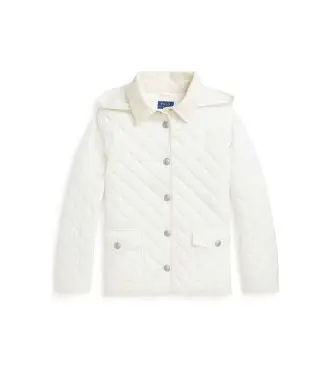 per ragazza 313910983006 Giubbotto bomber imbottito bianco (7 años = 130/134cm), Casual, Polister riciclato, moda per bam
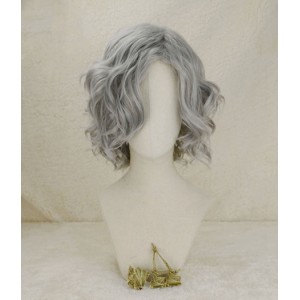 Fate/Grand Order : Gris argenté Monte Cristo: Edmond Dantès Wig Cosplay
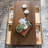 Solid Oak Coffee Table with Open Shelf-209681902
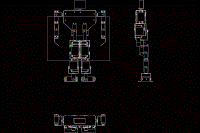 人形仿生機(jī)器人雙足行走機(jī)構(gòu)設(shè)計(jì)【說(shuō)明書+CAD+PROE】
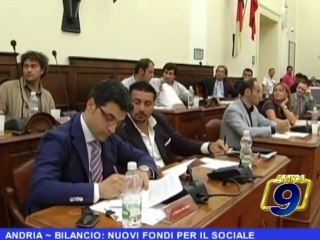 ANDRIA | Bilancio: nuovi fondi per il sociale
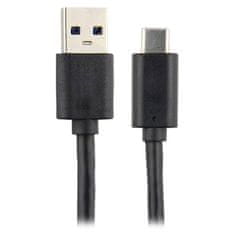 Northix Kabel USB v USB-C - 1 m - črn 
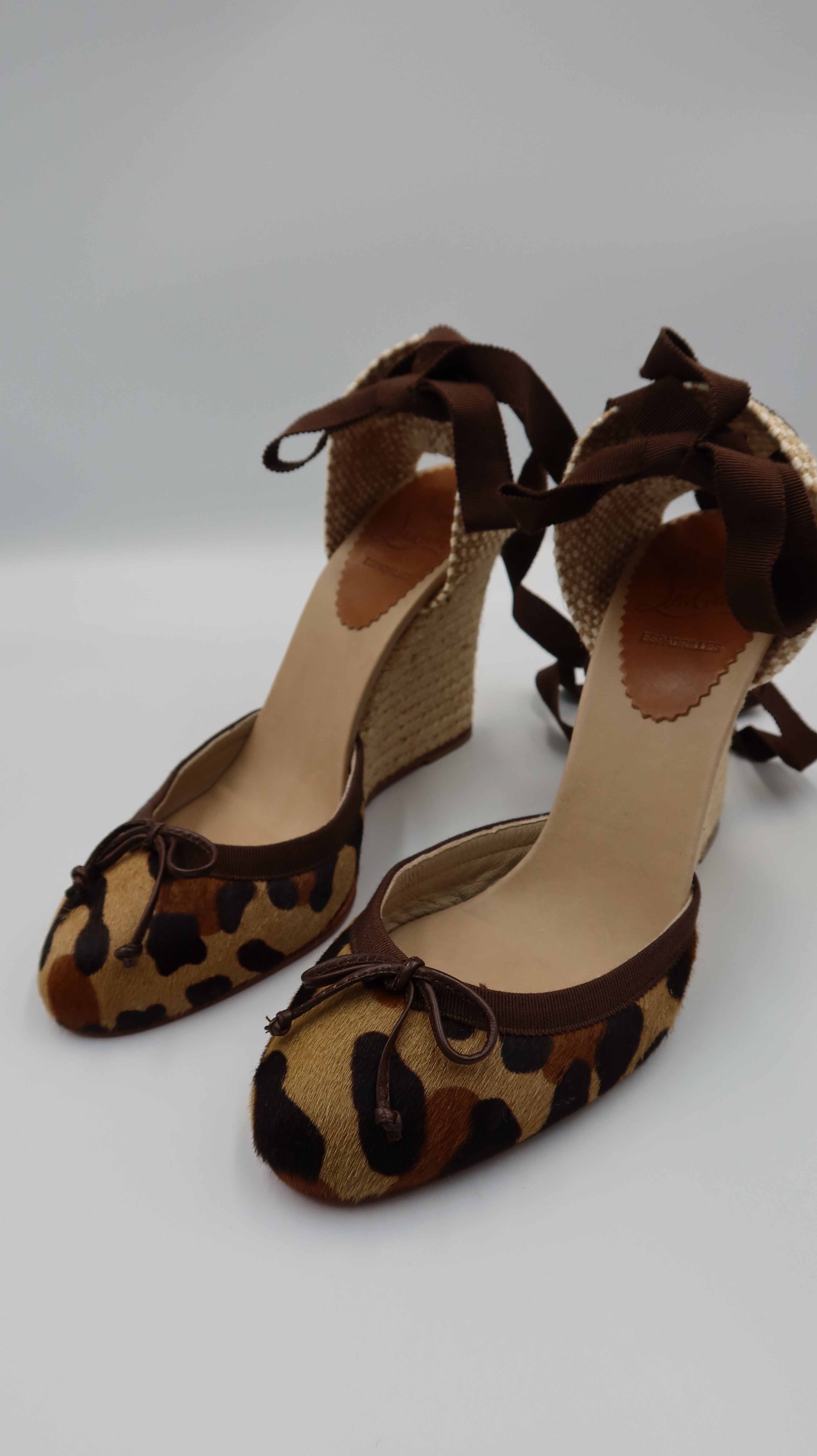 Christian Louboutin Espadrille Wedges (EU37)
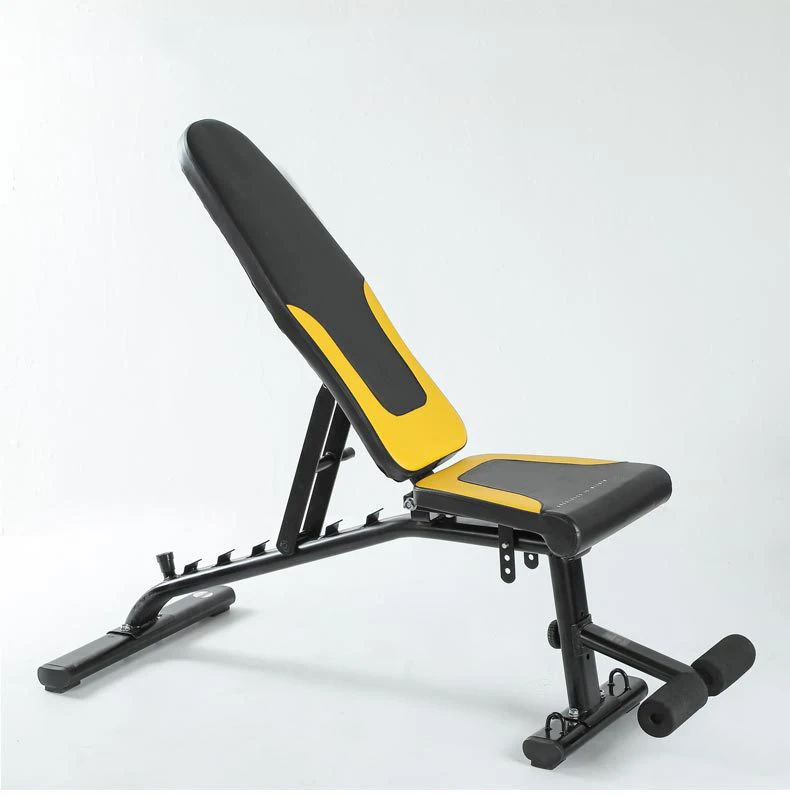 Sit Up Bench Home Supine Board Multifunctional Auxiliary Device Dumbbell Stool Crunch Bench Ab Chair Indoor Fitness Equipment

********************

*REQUIRED WORK*:
Every line of the records above must reappear exactly, though the pictures must not.

*OUTPUT FOR THIS EXERCISE*:
 per ragazza 313910983006 Giubbotto bomber imbottito bianco (7 años = 130/134cm), Casual, Polister riciclato, moda per bam
 Fate/Grand Order : Gris argenté Monte Cristo: Edmond Dantès Wig Cosplay
 Solid Oak Coffee Table with Open Shelf-209681902
 人形仿生機(jī)器人雙足行走機(jī)構(gòu)設(shè)計(jì)【說(shuō)明書+CAD+PROE】
 ANDRIA | Bilancio: nuovi fondi per il sociale
 Northix Kabel USB v USB-C - 1 m - črn 
 Christian Louboutin Espadrille Wedges (EU37)
 Sit Up Bench Home Supine Board Multifunctional Auxiliary Device Dumbbell Stool Crunch Bench Ab Chair Indoor Fitness Equipment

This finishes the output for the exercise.